If one of your websites or apps stops working, you probably would like to know this as fast as possible so that you can resolve the issue. If your server is down, you will hopefully receive an alert quite quickly. However, if only a part of your website or app, or the tracking thereof, is suddenly performing worse, then this might take you quite a while to notice. It can have a severe impact on the validity of your data analyses and even on your revenue, if such a problem stays on unnoticed for a while. Hence, a rapid discovery of such problems is essential.

One way to test your website for faults is by using or building tools that periodically test every part of your website. For this procedure, you will have to think of all the things that can break down on your website, write tests for all of these cases, and let this tool crawl your website regularly. In theory, this can be a very effective solution, but it is in most cases practically impossible in terms of time and resources needed to build such crawlers and think of all the ways things can go wrong.

Another way of checking your website for errors, which is more reactive in nature, is by using anomaly detection. This approach is based on the data flow generated by the users that are interacting with your website. The idea is to predict the expected number of events, based on historical data, and compare this to the number of events you're seeing at the moment, and fire an alert “when something doesn’t look right”. This approach can be applied to all sorts of events, like pageviews, transactions, or user interactions with funnels on your website. In addition, these observations can be split based on dimensions like browser, device, etc, making the monitoring sensitive to issues that might otherwise go unnoticed. This way you can detect your website breaking, when e.g. Safari deploys an update that is incompatible with your front-end code.

To notice potential irregularities in the incoming user interaction data, you need some historical data to compare the current situation to. A tool that can help you with collecting data of users interacting with your website is Harvest Store. With Harvest Store, which is built around Splunk, it is possible to search in your raw data. You can make custom searches that will satisfy your specific needs and interests, and split the data based on the dimensions that you are interested in, like browser or device. For a number of our customers, we used Harvest Store to set up an anomaly detection system, consisting of a set of such searches. These searches are scheduled to run periodically and will fire an alert whenever a particular part of your website, or the tracking thereof, seems to not work properly. Below, we’ll explain how this works.

The simplest form of anomaly detection is just periodically counting the occurrences of a specific kind of event over a given period, and firing an alert if this count is zero. However, sometimes it happens that only a part of a website, or its tracking, has a problem, or that a problem only occurs for users with a certain browser or device. In this case, the event count will not be zero, but just lower (or higher!) than “usual”. In anomaly detection, we try to predict this “usual” number of events, based on comparable data in the historical data.
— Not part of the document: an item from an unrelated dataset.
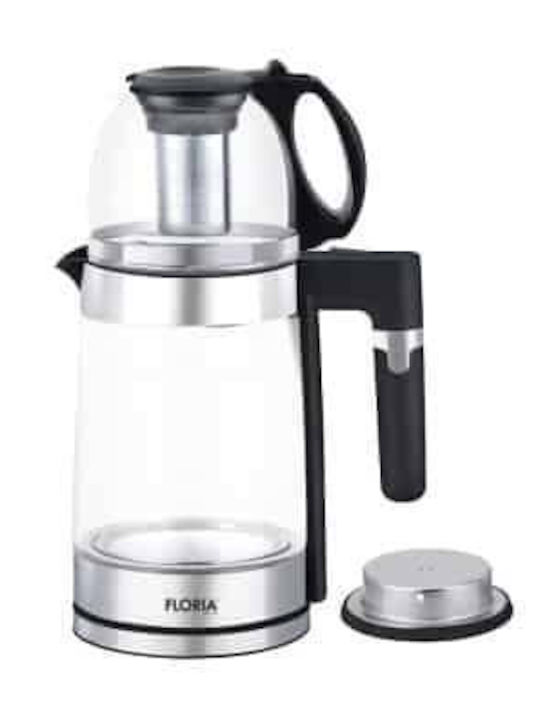 Ceainic cu Filtru din Sticlă Argintie 1800ml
The question now is, how much should the current data differ from the historical data, before we fire an alert? One idea is to fire an alert whenever the current event count is a certain fixed percentage lower than the prediction based on the historical data. However, choosing such a percentage might not be very practical, as this differs a lot for different kinds of data sets and for different applications.
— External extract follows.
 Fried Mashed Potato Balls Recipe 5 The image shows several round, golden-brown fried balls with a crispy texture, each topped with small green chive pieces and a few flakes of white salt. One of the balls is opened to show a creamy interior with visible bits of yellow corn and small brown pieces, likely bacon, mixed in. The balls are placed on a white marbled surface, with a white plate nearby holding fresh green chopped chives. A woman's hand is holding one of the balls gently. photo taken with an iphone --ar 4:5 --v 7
A more sophisticated method of deciding how much you allow the current data to differ from the historic data is to use the standard deviation of the historical data . If we assume that the data coming from your website is approximately normally distributed for a given time slot of the day, then this implies that about 68% of the data values lie within one standard deviation of the mean. Within two standard deviations of the mean, this is even 95%, and about 99.7% of the data should lie within three standard deviations from the mean. This means that if you measure a data point that is more than three times the standard deviation away from the mean, then this data point is probably anomalous. Depending on how strict you want your anomaly detection system to be, you can choose different thresholds for sending an alert.

Let’s say we are setting up anomaly detection for the number of pageviews of the different pages of a certain website. Most likely the number of pageviews varies during the day, and perhaps even during the week. Using data that we already collected for a while in Harvest Store, we record the average number of pageviews per page per hour per day of the week, as well as the standard deviation for every time slot and page. This record thus represents the periodic change in pageviews, that we consider “normal” for this particular website. Then, we set up a search in Harvest Store that checks every hour how many pageviews each page had in the last hour, and compares these values to the averages that we saved in our table. We decide that if the current number of pageviews for a certain page is lower than its historical average minus two times the standard deviation for that time slot, we want an alert to be sent through email.

We have successfully implemented setups, similar to the one described above, for a number of our customers. They receive notices through email, Slack, or other channels, that warn them when part of their website or app, or the corresponding tracking, does not operate correctly. This turns out to be a very valuable addition to their infrastructure. Since, for many of them, a lot of people work on the online platforms, making errors and conflicting changes inevitable. Also, new browser- and os-compatibility issues might otherwise go unnoticed for a long time. Using an alerting system based on the flow of raw data, allows for the early detection of such issues and makes it possible to fix them before they can do real harm.